Assignment: From the listing below, output only the lines starting at the line that has "Sofa AMICO – Tkanina bucle – kolor: Sicuro" and ending at the line that has "Reserved Spurs Cushion", exactly as they appear, ends included.

Information given:
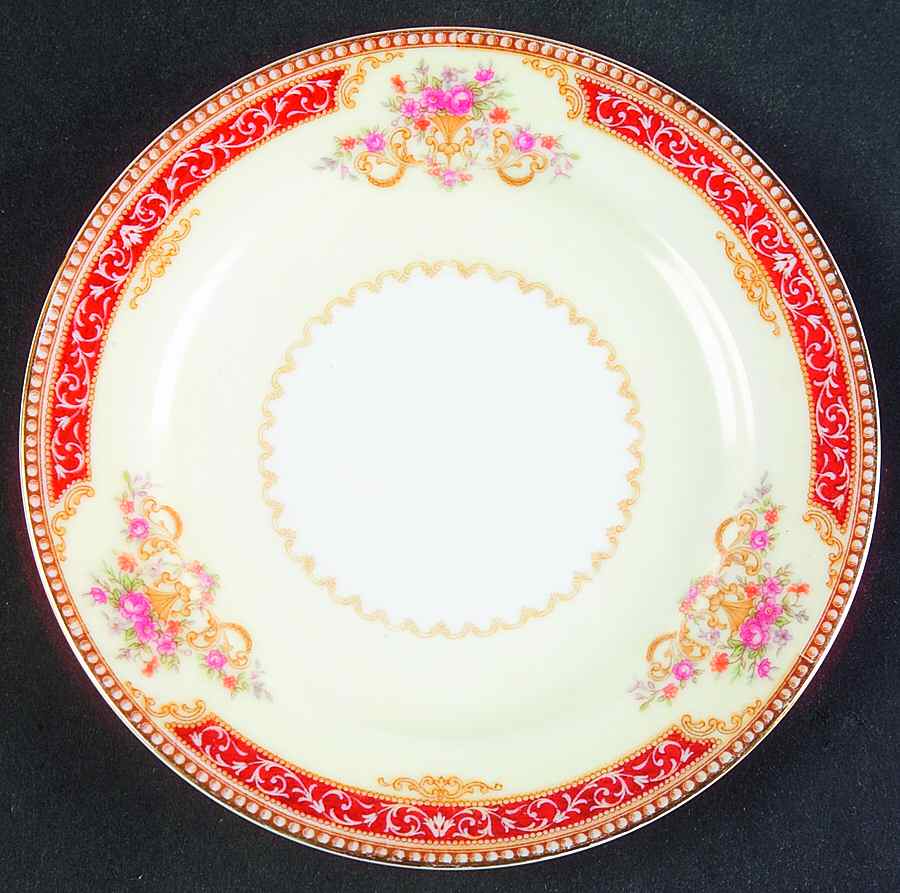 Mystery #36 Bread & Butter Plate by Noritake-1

==

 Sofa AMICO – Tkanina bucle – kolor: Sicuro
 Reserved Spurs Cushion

Written answer:
 Sofa AMICO – Tkanina bucle – kolor: Sicuro
 Reserved Spurs Cushion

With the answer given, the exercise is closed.